This proposal aims to develop advanced and scalable statistical methods for integrative analysis of large-scale
Whole Genome Sequencing (WGS) studies and biobanks of common diseases, such as heart and lung
diseases. Genome-Wide Association Studies (GWAS) have revealed thousands of genetic variants associated
with many common diseases, but are limited to common variants from a majority of individuals of only
European ancestry. Large-scale multi-ethnic WGS studies and biobanks have been rapidly arising to overcome
these limitations, and to study the genetic underpinnings of complex diseases and traits in both coding and
non-coding rare variants across populations. Examples include the NHLBI Trans-Omics Precision Medicine
Program (TOPMed) and the NHGRI Genome Sequencing Program (GSP), UK biobank, and All of Us. Various
omics data are also available in TOPMed. Full usage of these datasets can fuel genetic discoveries applicable
to genetically understudied populations. These studies consist of hundreds of millions of rare variants (RVs),
and their analysis faces several challenges. First, although several methods have been developed for RV
analysis, they have limited power for analysis of non-coding RVs, as their functions are unknown or cell-type
specific. There is a pressing need to empower RV Association Tests (RVATs) for non-coding variants by
developing more powerful statistical learning methods using integrative analysis and incorporating cell-type
specific variant functional annotations. Second, large sample sizes of WGS studies and data privacy
consideration of many national and institutional biobanks with unbalanced case and control ratios call for
distributed WGS analyses. Third, it is of substantial interest to develop polygenic risk scores using both
common and rare variants in WGS studies, and to investigate causal effects of biomarkers and omics’ markers
on diseases using Mendelian Randomization (MR) using both common and rare variants as instrumental
variables. This proposal aims at addressing these needs with four aims. First, we will develop statistical
learning based ensemble RVATs to boost power. This ensemble RVAT framework will be extended to use
cell-type-specific functional annotations calculated from single-cell assays, and to perform meta-analysis.

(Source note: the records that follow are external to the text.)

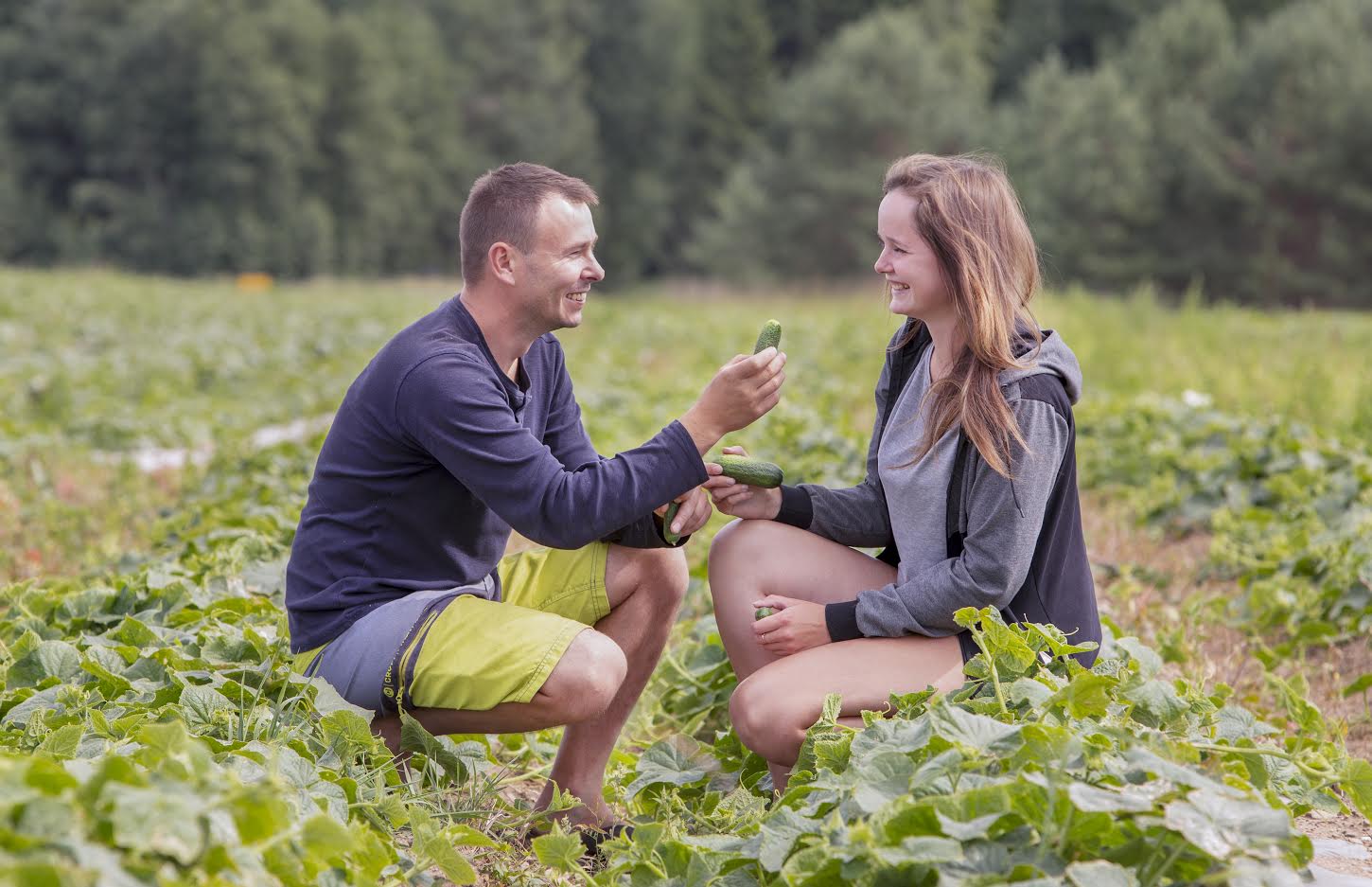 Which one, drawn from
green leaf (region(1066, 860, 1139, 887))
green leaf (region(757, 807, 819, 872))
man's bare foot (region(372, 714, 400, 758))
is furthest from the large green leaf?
green leaf (region(1066, 860, 1139, 887))

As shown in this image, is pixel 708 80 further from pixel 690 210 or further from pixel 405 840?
pixel 405 840

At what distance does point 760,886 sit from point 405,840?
97 cm

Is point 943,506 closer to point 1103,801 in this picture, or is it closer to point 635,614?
point 635,614

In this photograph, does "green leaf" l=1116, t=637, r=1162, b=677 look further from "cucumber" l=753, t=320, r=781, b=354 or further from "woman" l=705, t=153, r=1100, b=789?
"cucumber" l=753, t=320, r=781, b=354

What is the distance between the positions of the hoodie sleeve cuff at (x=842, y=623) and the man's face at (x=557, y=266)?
36.6 inches

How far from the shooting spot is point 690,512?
10.8 feet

Second, we will develop distributed methods for important tasks in the analysis of large WGS and federated
biobank data: estimating population structure via distributed fast principal component analysis, distributed
methods for fitting generalized linear mixed models, and distributed RVATs. Third, we will develop methods for
polygenic risk score (PRS) using both common and rare variants in WGS studies, and develop Mendelian
Randomization methods for studying the causal effects of biomarkers and omics markers on diseases by using
WGS-based PRs as instrumental variables. Fourth, we will develop open-access statistical software capable of
implementing our proposed methods in both offline and cloud computing environments. We will apply the
proposed methods to the analysis of the TOPMed and GSP data and the biobanks.